Pusher’s Push Notifications SDKs and API make it easy to send push notifications to all of your iOS and Android users with one request.

The service manages your app credentials and the lifecycle of device tokens which are both required for every request to the Apple Push Notification service (APNs) and FCM for your Android devices.

You can subscribe your app user’s registered device to Interests, which act like persistent Pub/Sub topics, so that you can update many devices with the same request. Create as many interests as you need, and send unlimited push notifications while the product is in beta.

In this tutorial, we will show you how to successfully configure APNs, integrate push notifications iOS SDK into your project, and send one push notification to your iPhone using one of our server side SDK’s.

NOTE:
Please note that this post is no longer up to date. For updated libraries and code snippets, refer to Pusher Beams docs.

Step 1 – Sign up for a Pusher account

Before we can start building you will have to sign up for a Pusher account (or log in with your existing Pusher credentials).

Step 2 – Set up your free Push Notifications instance

Head on over to the Beta Products Dashboard and create your first Push Notifications instance. With a free plan, you can send unlimited push notifications to up to 10,000 devices during a billing month.

This will take you to our Quickstart wizard:

Select iOS and follow the instructions. The Quickstart will guide you through the following steps:

Configuring APNs

The first step of the Quickstart involves configuring your credentials with APNs.

All push notifications requests for iOS devices go through Apple Push Notification service (APNs), Apple’s service which delivers them to the device.

In order for Pusher to send them we need to generate APNs Key.
1. Log into your Apple Developer Portal.
2. Navigate to the keys section in the Apple Developer Portal where you can create the key. Enter the key name by your choice and be sure to check APNs checkbox. Proceed if you’re happy with the configuration and download and save the key on your computer. In the next step we will upload the key into our dashboard and configure your iOS integration.

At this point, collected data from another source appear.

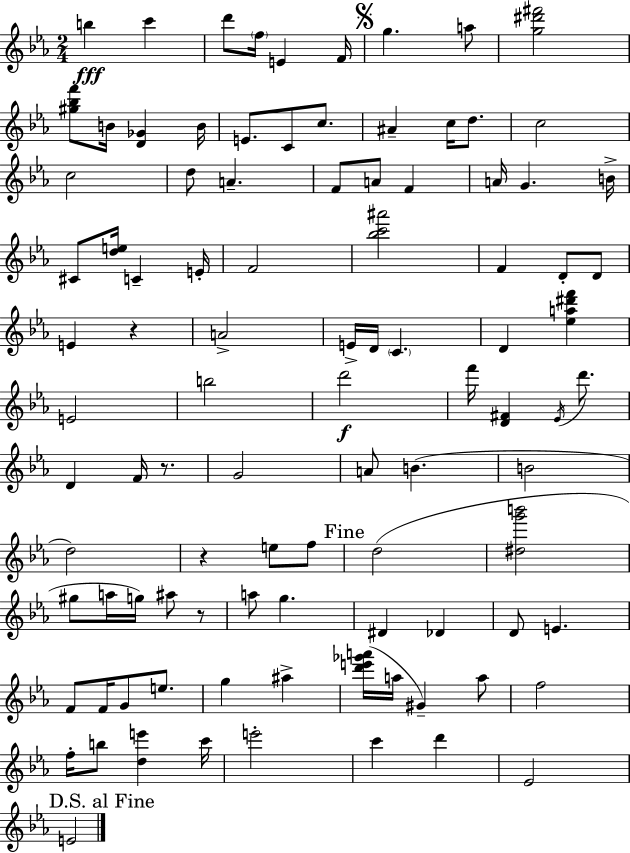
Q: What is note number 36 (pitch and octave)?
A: E4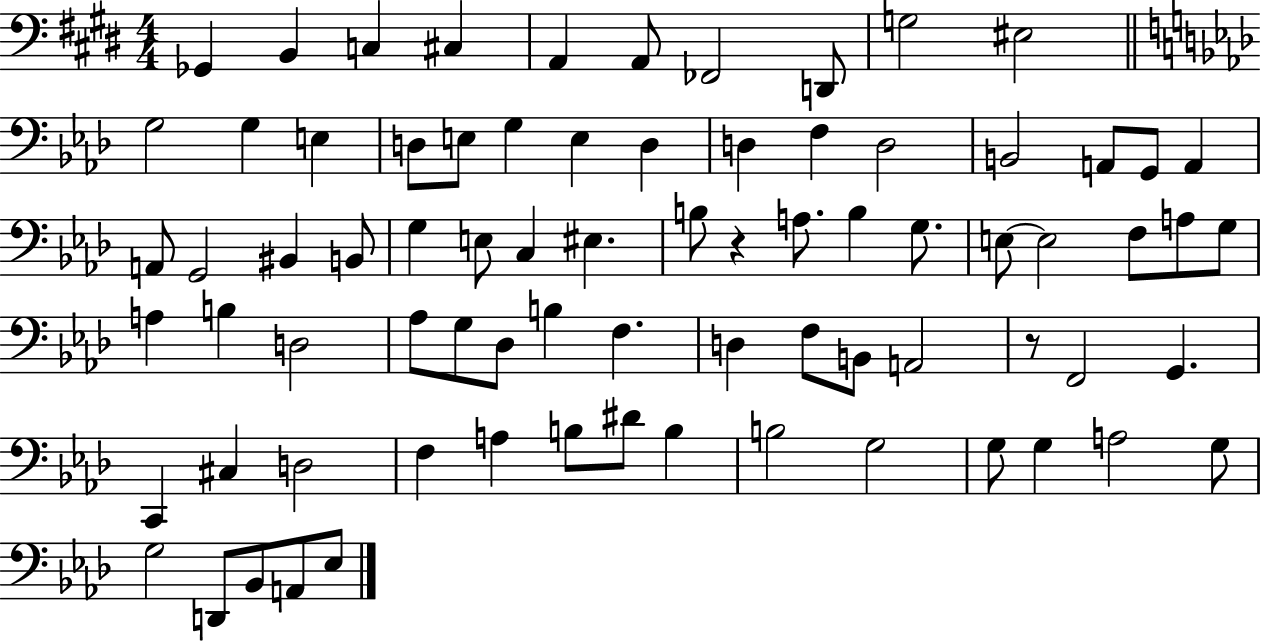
X:1
T:Untitled
M:4/4
L:1/4
K:E
_G,, B,, C, ^C, A,, A,,/2 _F,,2 D,,/2 G,2 ^E,2 G,2 G, E, D,/2 E,/2 G, E, D, D, F, D,2 B,,2 A,,/2 G,,/2 A,, A,,/2 G,,2 ^B,, B,,/2 G, E,/2 C, ^E, B,/2 z A,/2 B, G,/2 E,/2 E,2 F,/2 A,/2 G,/2 A, B, D,2 _A,/2 G,/2 _D,/2 B, F, D, F,/2 B,,/2 A,,2 z/2 F,,2 G,, C,, ^C, D,2 F, A, B,/2 ^D/2 B, B,2 G,2 G,/2 G, A,2 G,/2 G,2 D,,/2 _B,,/2 A,,/2 _E,/2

If you’re lost check our documentation about APNs configuration here.

Uploading your APNs Key and Team ID
After you have configured your APNs Key, the next step is to upload your APNs Key through the Quickstart wizard:

We also need your team id which you can find here.

Step 3 – Integrating the Push Notifications SDK into your iOS project

Now you will integrate the Push Notifications SDK into your iOS project. This will send the deviceToken to Pusher’s Push Notification service, which manages its lifecycle if it changes or if the user uninstalls the app.

Our SDK is available both on CocoaPods and Carthage so pick the one that you’re most familiar with.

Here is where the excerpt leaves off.